Si me detenía en un área de servicio para comerlo, iba a perder mucho tiempo, así que decidí hacerlo dentro del coche. El problema principal, como todo el mundo podrá imaginar, era pelarlo, pues no estaba dispuesto a introducirlo en mi boca con la cáscara. Me dije que tenía que ser un conductor responsable y, por eso, una de mis manos debería estar siempre en el volante y mi vista fija en la carretera. Por consiguiente, solo me quedaba pelar el huevo con la otra mano.
Me imaginé al helicóptero de la guardia civil grabándome desde las alturas y mi imagen saliendo en los telediarios como ejemplo insólito de conductor imprudente. “Imprudente, nunca”, me repetía sin soltar el volante ni una sola vez y fijando mi atención en la autovía.
Reconozco que fue casi milagroso pelar el huevo duro con una sola mano y, además, mantener las cáscaras rotas en la concavidad de la palma. Lo alcé entre mis dedos y entonces lo engullí –al estilo de Paul Newman en “La leyenda del indomable”. Tenía el sabor y la textura inconfundible de los huevos duros, pero a mí, no sé por qué, me supo a gloria, a pesar de que tuve que escupir algún trocito de cáscara que había quedado pegado.
Entonces caí en la cuenta de que en la mano llevaba toda la cáscara del huevo. ¿Qué hacer con ella? Pensé que una cáscara de huevo era biodegradable, no contaminante y su pequeño tamaño la haría imperceptible, así que la trituré entre mis dedos todo lo que pude, para que los trozos fueran aun más pequeños, y bajé el cristal de la ventanilla. A continuación, saqué el brazo, manteniendo la mano cerrada. Miré por el espejo retrovisor y me cercioré de que no venía ningún coche detrás. Entonces abrí la mano.

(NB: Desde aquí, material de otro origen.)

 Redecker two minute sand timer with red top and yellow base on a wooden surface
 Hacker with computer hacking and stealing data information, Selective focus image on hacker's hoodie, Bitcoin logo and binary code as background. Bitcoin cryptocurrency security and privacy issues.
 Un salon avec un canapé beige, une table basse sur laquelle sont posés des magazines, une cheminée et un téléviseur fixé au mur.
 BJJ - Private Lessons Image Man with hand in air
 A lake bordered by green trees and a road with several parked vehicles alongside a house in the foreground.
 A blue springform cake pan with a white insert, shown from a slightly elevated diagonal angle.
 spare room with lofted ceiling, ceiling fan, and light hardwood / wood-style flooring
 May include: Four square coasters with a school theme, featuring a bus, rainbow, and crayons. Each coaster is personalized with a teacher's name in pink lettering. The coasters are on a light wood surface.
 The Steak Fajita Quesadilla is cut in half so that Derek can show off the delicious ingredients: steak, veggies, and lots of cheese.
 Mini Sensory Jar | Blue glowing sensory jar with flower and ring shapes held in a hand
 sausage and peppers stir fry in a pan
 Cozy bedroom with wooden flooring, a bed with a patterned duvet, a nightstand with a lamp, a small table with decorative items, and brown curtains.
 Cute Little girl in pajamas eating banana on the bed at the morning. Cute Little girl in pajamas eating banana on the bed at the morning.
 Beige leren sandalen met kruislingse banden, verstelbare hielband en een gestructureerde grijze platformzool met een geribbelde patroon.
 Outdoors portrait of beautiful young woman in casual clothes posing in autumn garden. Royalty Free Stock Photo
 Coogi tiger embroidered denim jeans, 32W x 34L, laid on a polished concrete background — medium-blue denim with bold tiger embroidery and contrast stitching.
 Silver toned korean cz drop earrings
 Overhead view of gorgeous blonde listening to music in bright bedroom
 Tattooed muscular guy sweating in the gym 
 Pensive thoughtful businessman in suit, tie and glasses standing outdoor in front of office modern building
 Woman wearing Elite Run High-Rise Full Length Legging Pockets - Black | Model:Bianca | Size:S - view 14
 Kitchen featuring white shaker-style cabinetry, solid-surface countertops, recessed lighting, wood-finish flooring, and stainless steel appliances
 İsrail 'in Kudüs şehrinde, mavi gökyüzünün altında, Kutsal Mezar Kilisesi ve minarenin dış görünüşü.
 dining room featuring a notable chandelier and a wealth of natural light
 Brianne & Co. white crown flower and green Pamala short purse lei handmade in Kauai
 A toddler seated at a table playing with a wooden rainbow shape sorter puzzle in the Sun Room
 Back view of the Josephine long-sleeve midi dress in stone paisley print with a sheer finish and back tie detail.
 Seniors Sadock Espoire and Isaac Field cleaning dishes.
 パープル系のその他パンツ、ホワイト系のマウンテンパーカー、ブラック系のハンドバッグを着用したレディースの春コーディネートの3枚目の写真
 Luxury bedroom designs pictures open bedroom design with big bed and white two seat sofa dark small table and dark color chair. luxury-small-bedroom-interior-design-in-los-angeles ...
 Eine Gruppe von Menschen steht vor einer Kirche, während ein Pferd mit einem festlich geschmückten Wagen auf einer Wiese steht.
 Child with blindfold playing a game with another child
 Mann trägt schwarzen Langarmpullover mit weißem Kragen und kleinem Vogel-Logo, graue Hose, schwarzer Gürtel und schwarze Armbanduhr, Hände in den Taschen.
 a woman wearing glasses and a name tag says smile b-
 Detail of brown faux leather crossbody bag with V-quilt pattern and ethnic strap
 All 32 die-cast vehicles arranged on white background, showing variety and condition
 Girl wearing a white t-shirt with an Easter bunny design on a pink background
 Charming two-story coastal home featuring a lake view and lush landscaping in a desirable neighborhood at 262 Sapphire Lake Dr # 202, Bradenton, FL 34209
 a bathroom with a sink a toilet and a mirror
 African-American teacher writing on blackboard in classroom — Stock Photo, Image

Solo puedo añadir que los trocitos de la cáscara del huevo duro entraron por la ventanilla del coche como pequeños proyectiles inofensivos. Sacudí mi mano como pude y subí de inmediato el cristal. Pero ya era tarde. Han pasado dos semanas, he limpiado el coche por dentro, pero no hay día en que aparezca algún pedacito de cáscara entre los asientos, en las alfombrillas, en el salpicadero… ¡Horror! A veces pienso que no me comí un solo huevo duro, sino que me zampé docena y media.